*** Block opens ***
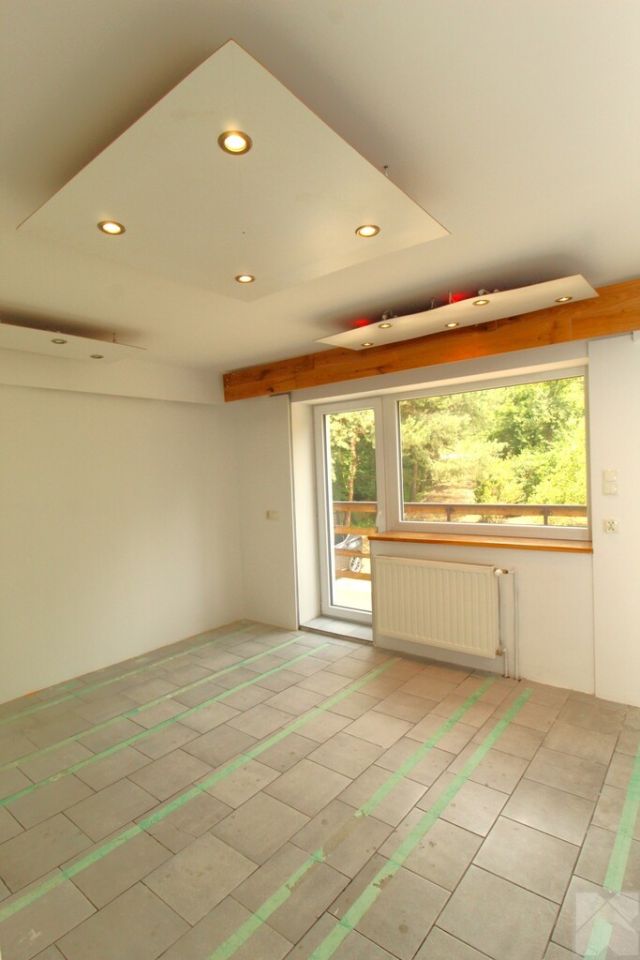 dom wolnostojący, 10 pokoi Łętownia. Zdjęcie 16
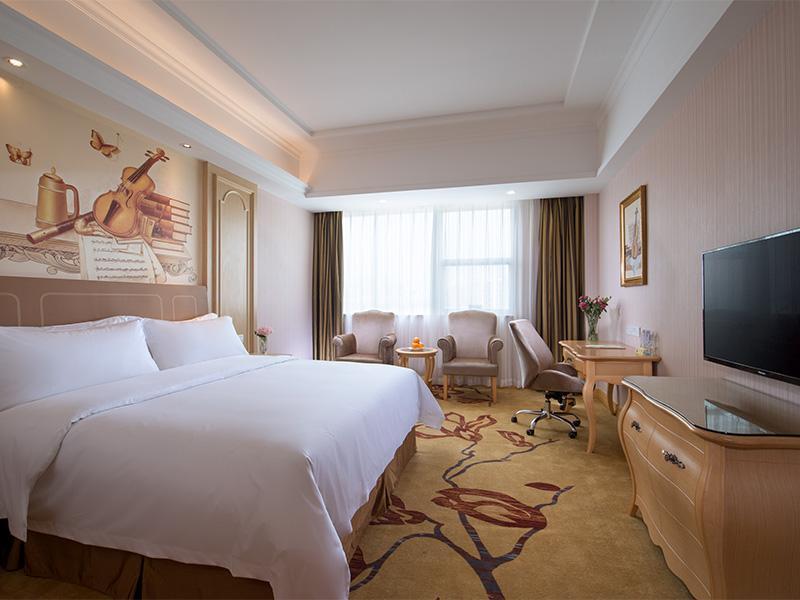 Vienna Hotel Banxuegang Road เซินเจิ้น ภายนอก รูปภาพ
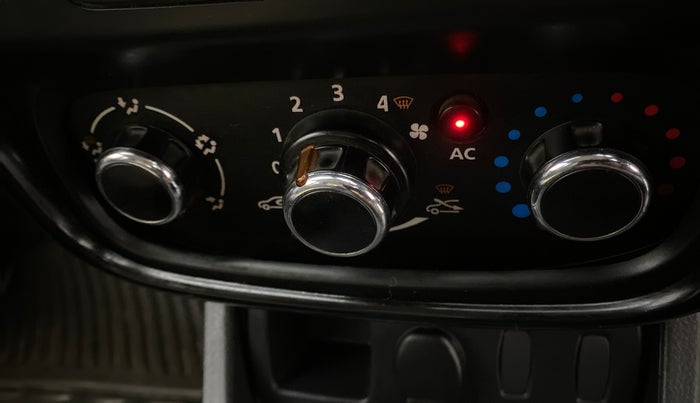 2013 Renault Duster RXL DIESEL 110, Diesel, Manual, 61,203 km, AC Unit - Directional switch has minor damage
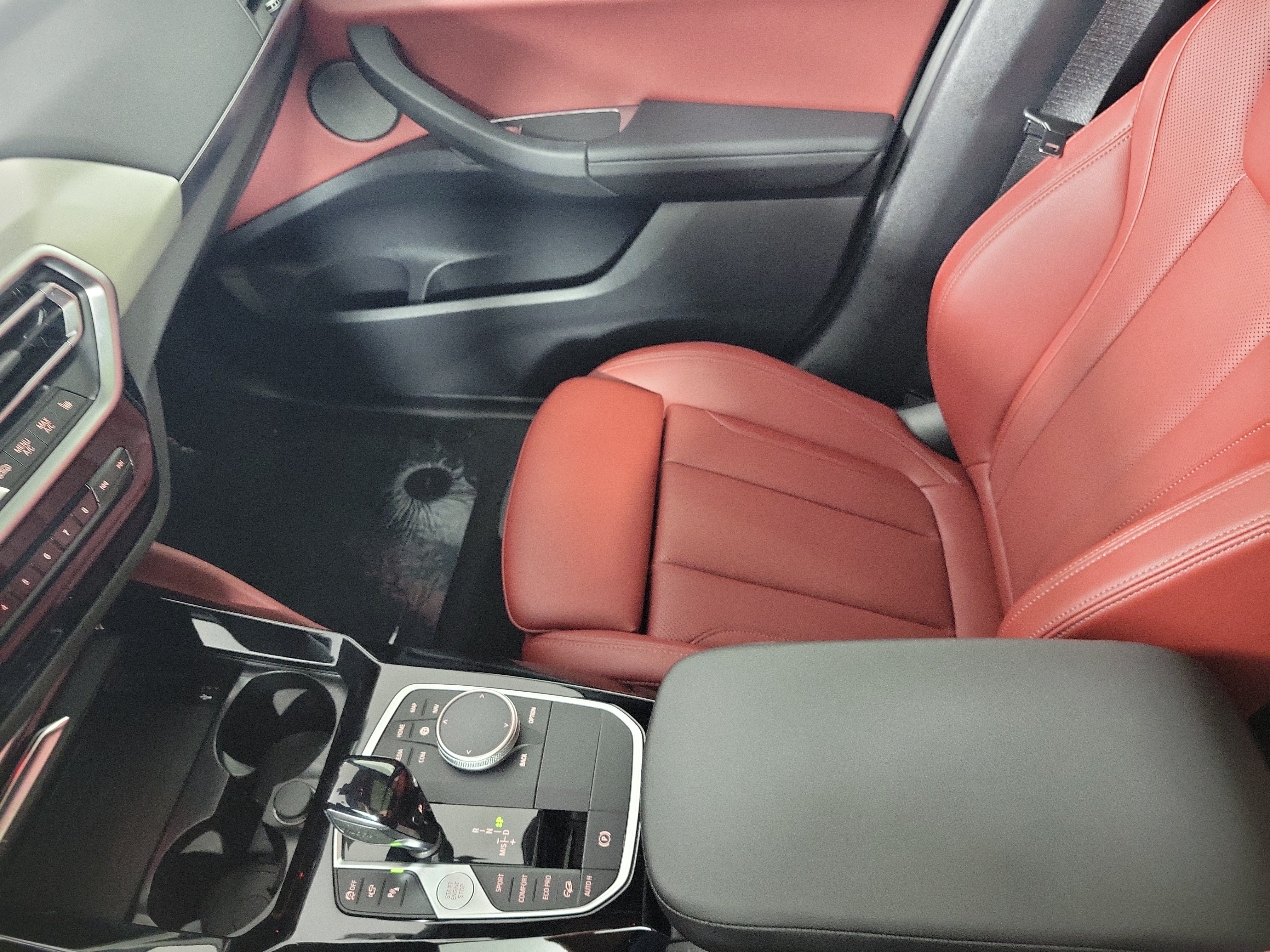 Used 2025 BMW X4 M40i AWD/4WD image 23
*** Block closes ***
*** Block opens ***
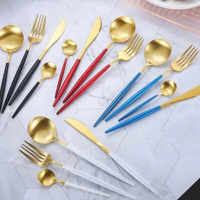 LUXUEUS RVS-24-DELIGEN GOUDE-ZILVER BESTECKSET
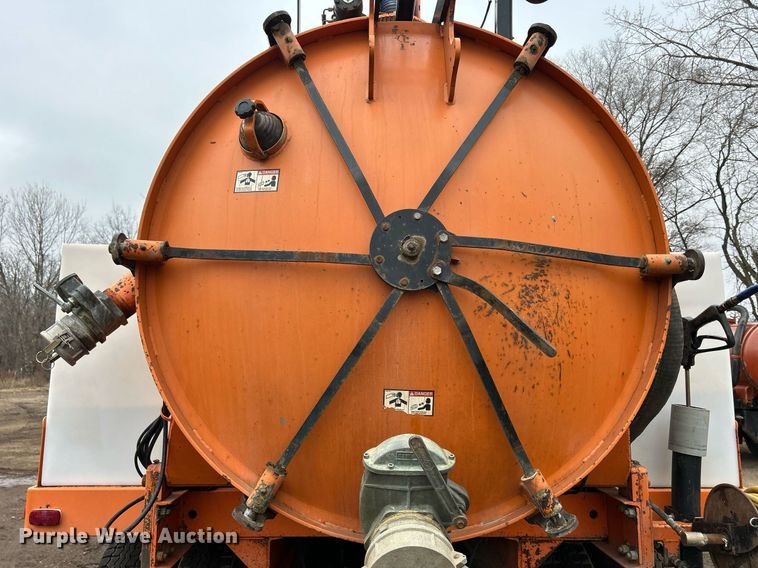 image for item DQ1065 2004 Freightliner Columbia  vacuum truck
*** Block closes ***
_Exercise aim:_
For the entries above, print exactly the lines between the one with "dom wolnostojący, 10" and the one with "Used 2025 BMW X4 M40i AWD/4WD image 23", inclusive, with no pictures.

_Response for this exercise:_
 dom wolnostojący, 10 pokoi Łętownia. Zdjęcie 16
 Vienna Hotel Banxuegang Road เซินเจิ้น ภายนอก รูปภาพ
 2013 Renault Duster RXL DIESEL 110, Diesel, Manual, 61,203 km, AC Unit - Directional switch has minor damage
 Used 2025 BMW X4 M40i AWD/4WD image 23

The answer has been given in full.